--- Available records ---

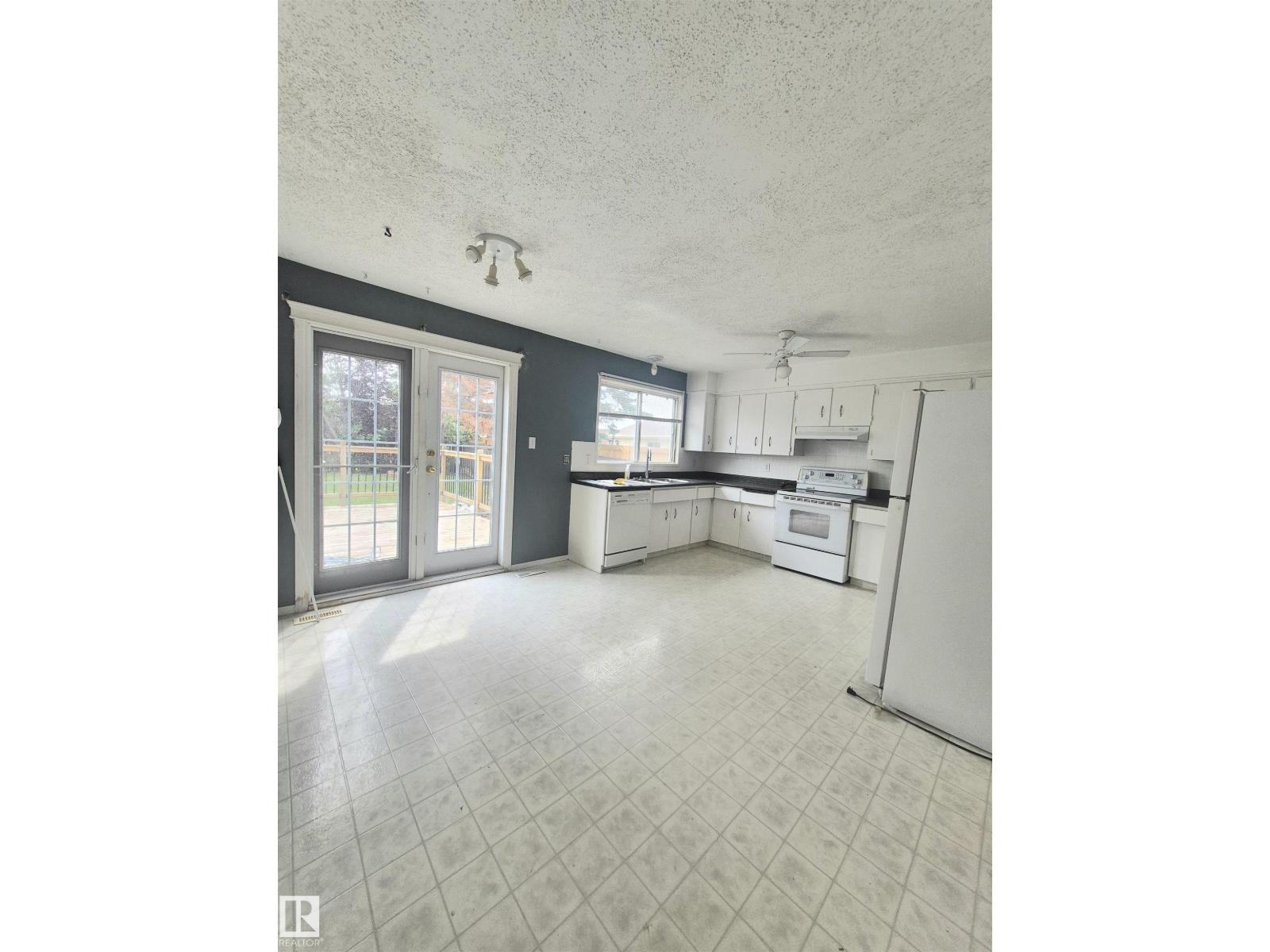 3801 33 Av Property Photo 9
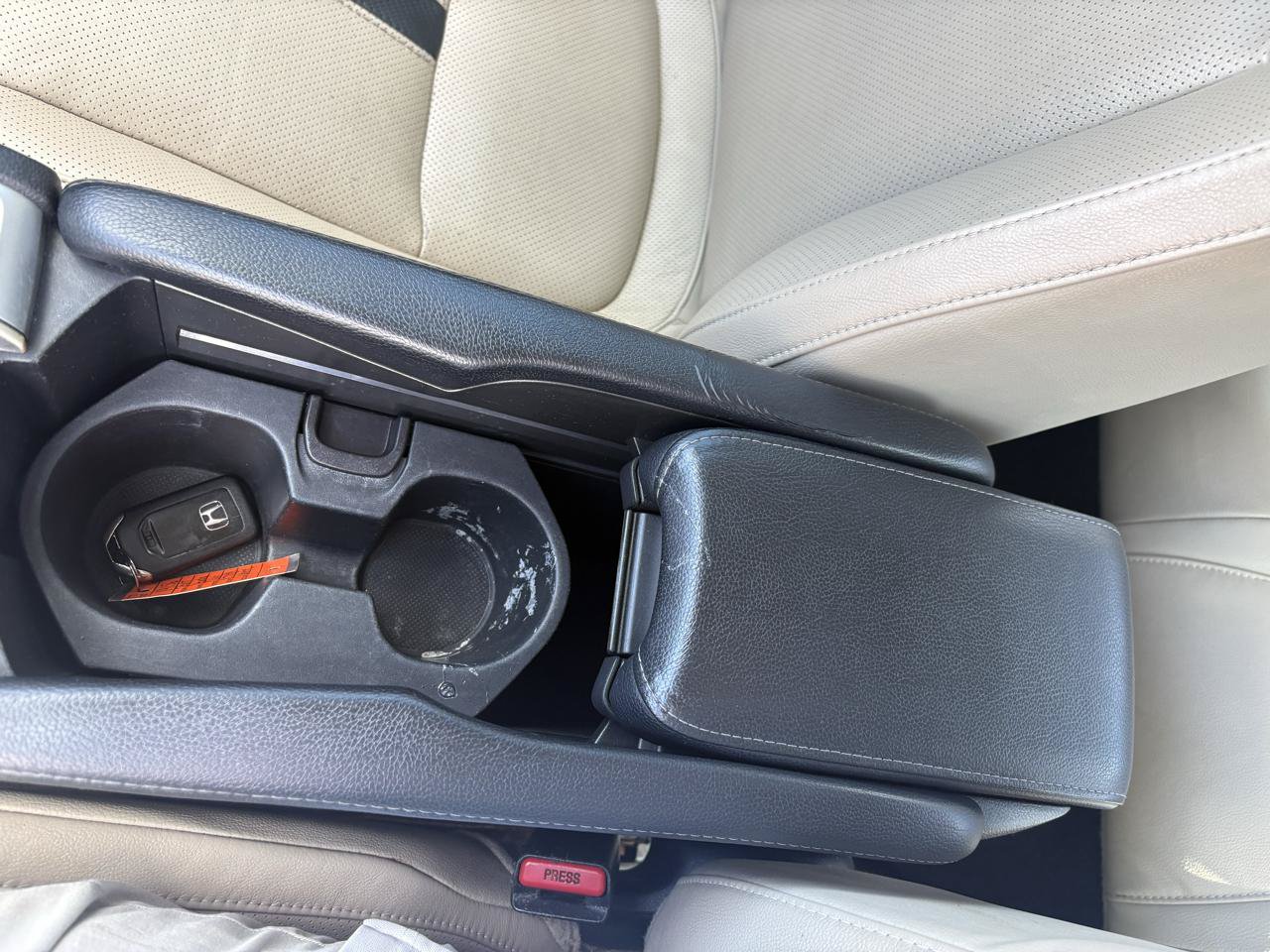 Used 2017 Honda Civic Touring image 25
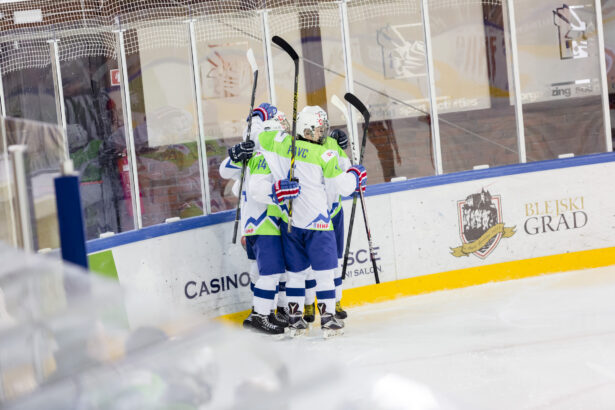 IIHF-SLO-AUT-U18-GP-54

---
--- Available records ---

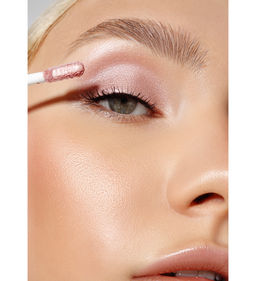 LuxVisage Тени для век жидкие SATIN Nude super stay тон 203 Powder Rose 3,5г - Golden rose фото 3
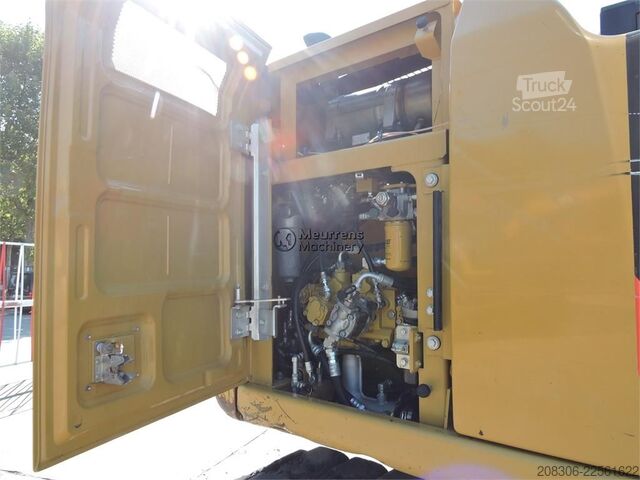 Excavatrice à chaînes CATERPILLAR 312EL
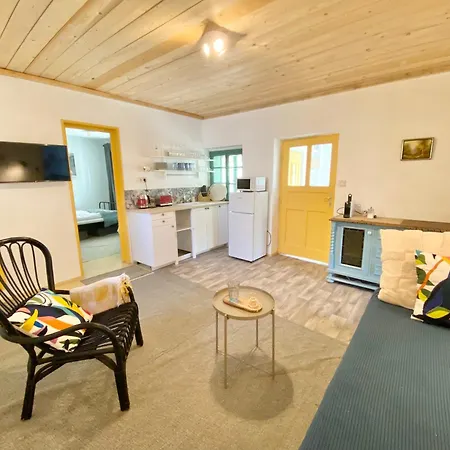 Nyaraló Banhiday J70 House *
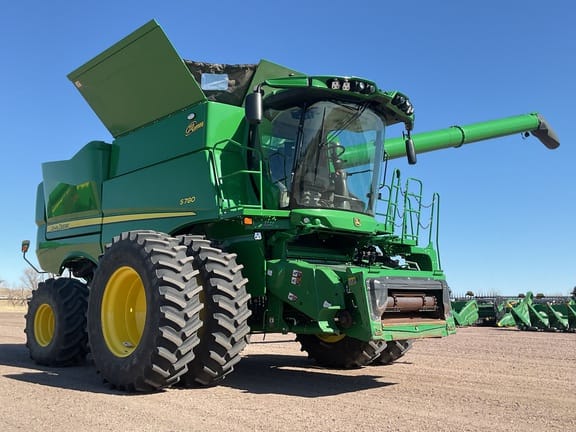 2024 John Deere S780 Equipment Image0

---
--- Available records ---

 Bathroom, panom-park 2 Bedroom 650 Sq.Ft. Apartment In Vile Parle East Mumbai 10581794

---

_Task description_
Only the lines above starting with the line with "Excavatrice à chaînes CATERPILLAR 312EL" and going on through the line with "2024 John Deere S780 Equipment Image0" belong in the answer; repeat them exactly, minus any picture.

_Task response_
 Excavatrice à chaînes CATERPILLAR 312EL
 Nyaraló Banhiday J70 House *
 2024 John Deere S780 Equipment Image0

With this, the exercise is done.